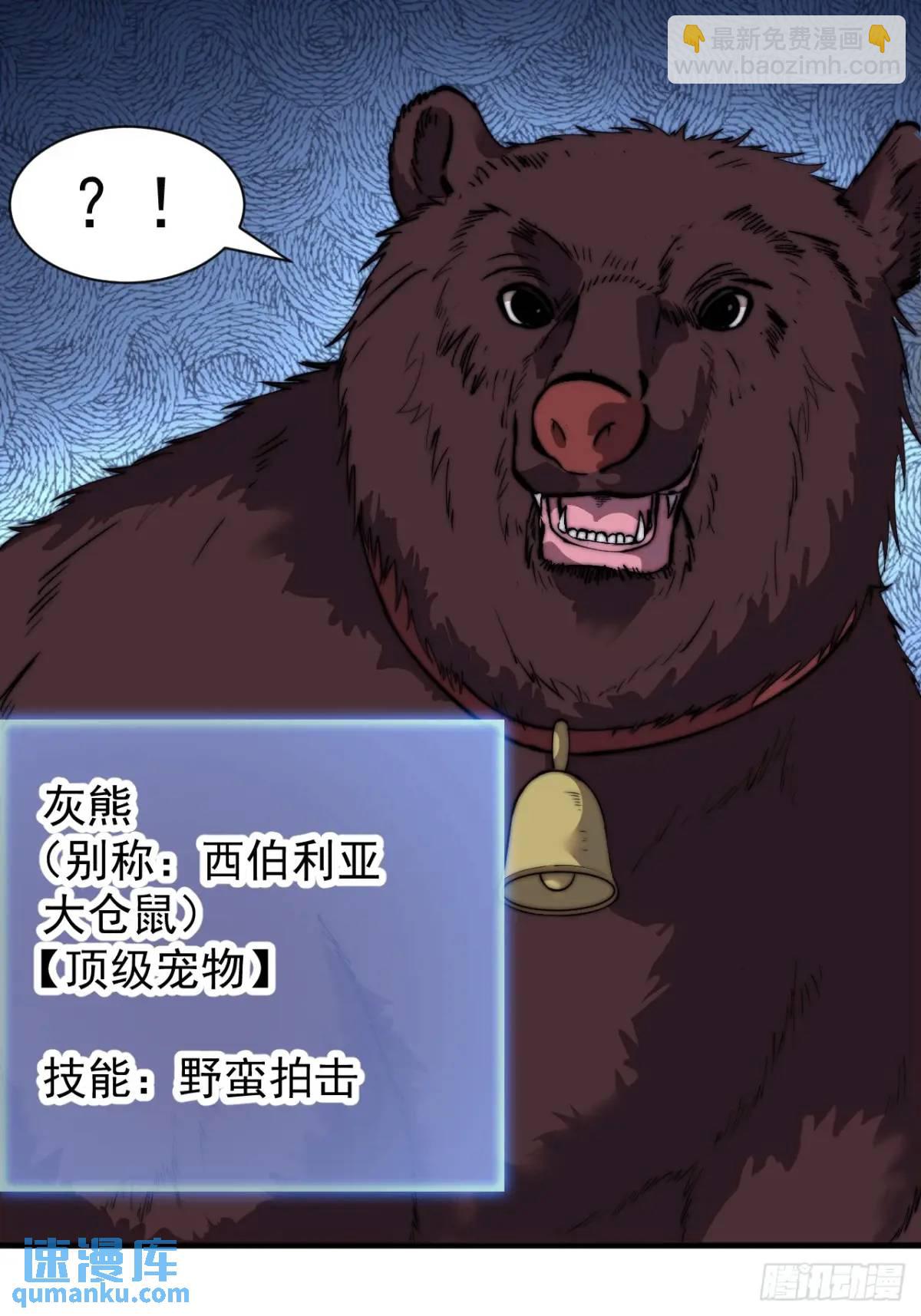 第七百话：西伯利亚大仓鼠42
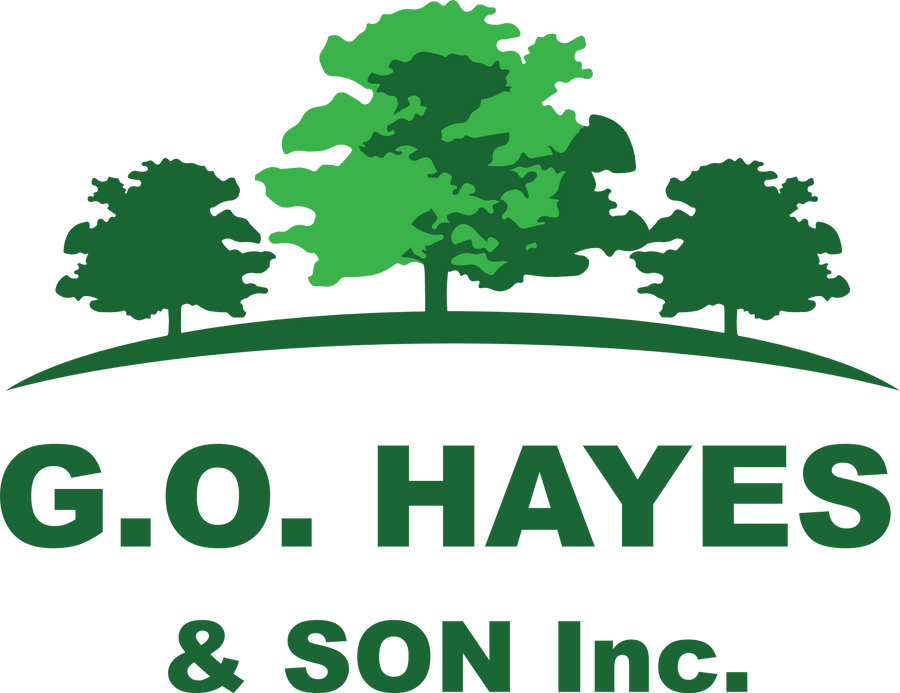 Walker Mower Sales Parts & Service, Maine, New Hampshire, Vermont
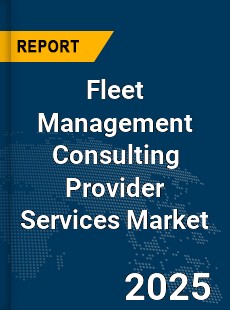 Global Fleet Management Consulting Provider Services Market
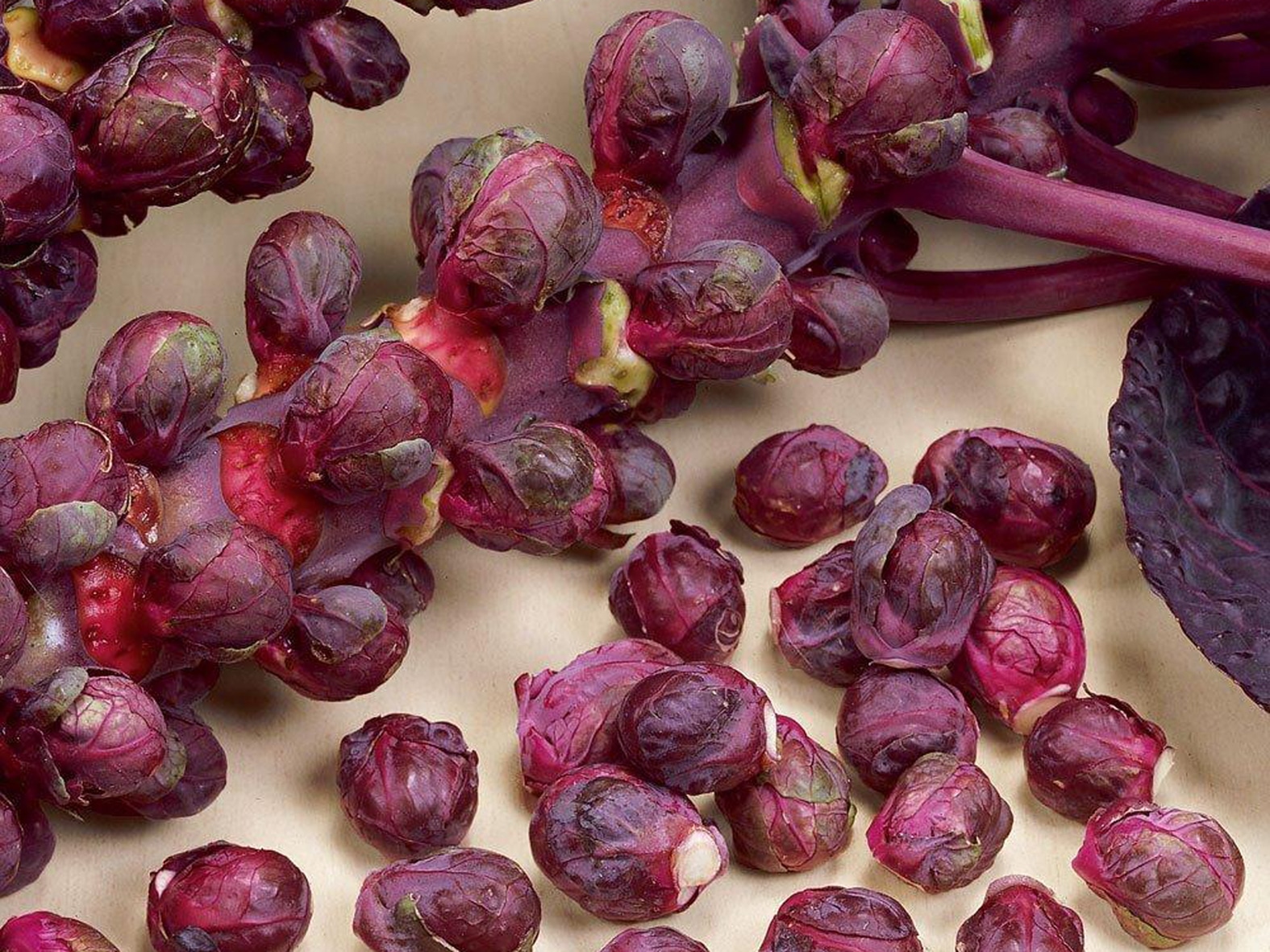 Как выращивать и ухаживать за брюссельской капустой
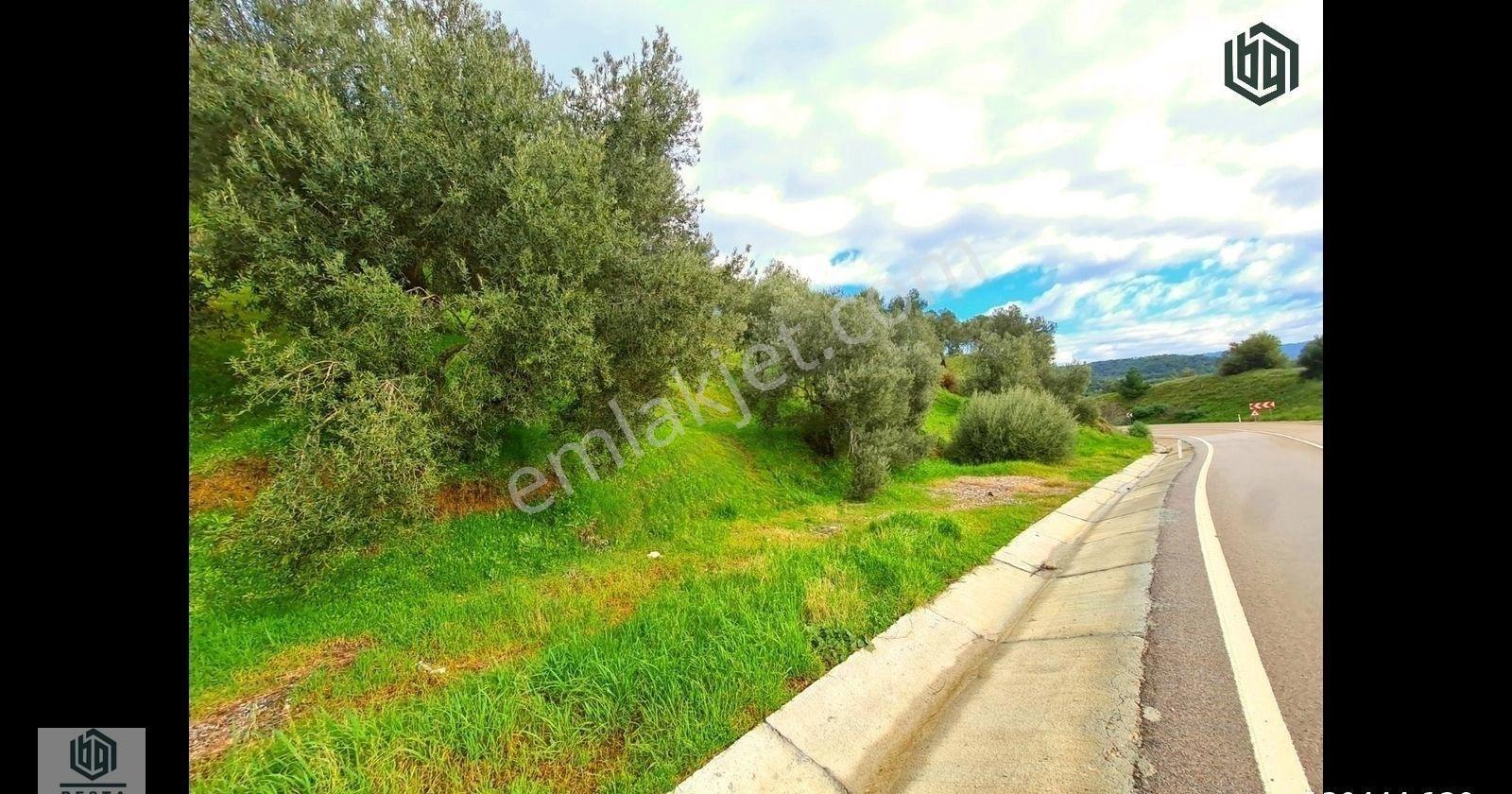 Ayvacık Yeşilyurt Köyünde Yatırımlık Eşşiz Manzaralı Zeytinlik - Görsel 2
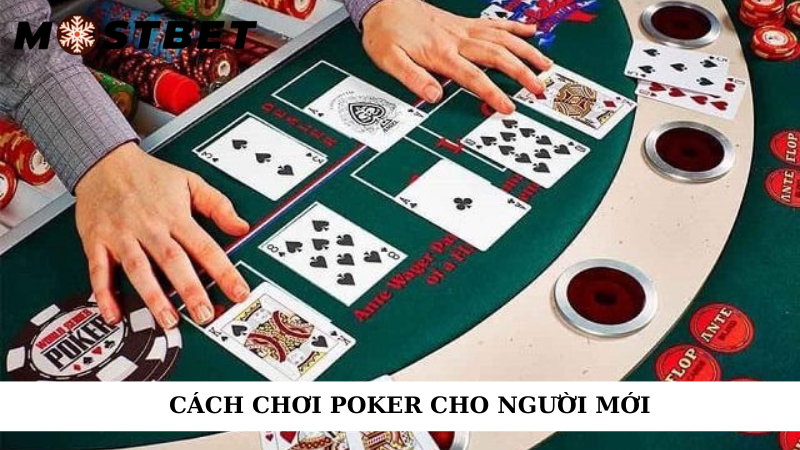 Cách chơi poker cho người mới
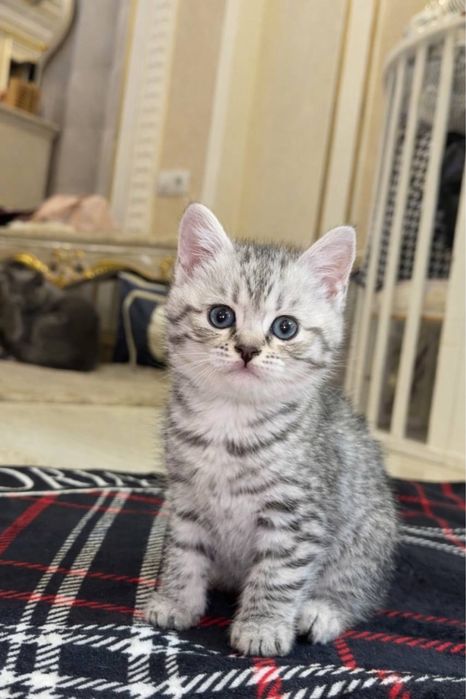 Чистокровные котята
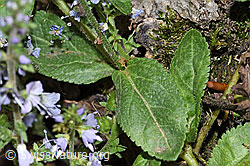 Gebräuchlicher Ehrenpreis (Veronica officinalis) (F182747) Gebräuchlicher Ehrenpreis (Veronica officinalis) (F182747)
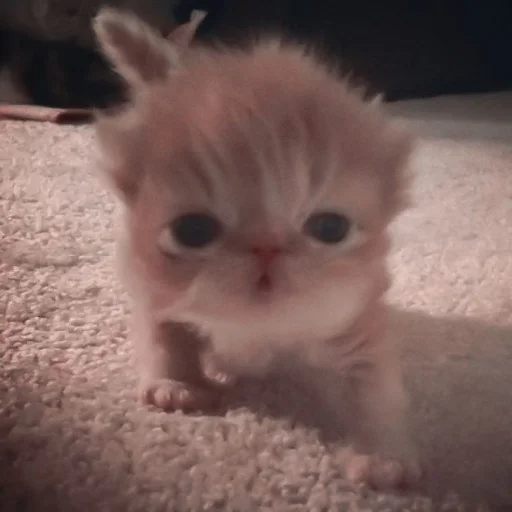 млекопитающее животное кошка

Exercise – Extract only the lines from the line containing "Global Fleet Management" through the final line of the listing above, unchanged; pictures stay out of the copy.

Response to the exercise –
 Global Fleet Management Consulting Provider Services Market
 Как выращивать и ухаживать за брюссельской капустой
 Ayvacık Yeşilyurt Köyünde Yatırımlık Eşşiz Manzaralı Zeytinlik - Görsel 2
 Cách chơi poker cho người mới
 Чистокровные котята
 Gebräuchlicher Ehrenpreis (Veronica officinalis) (F182747) Gebräuchlicher Ehrenpreis (Veronica officinalis) (F182747)
 млекопитающее животное кошка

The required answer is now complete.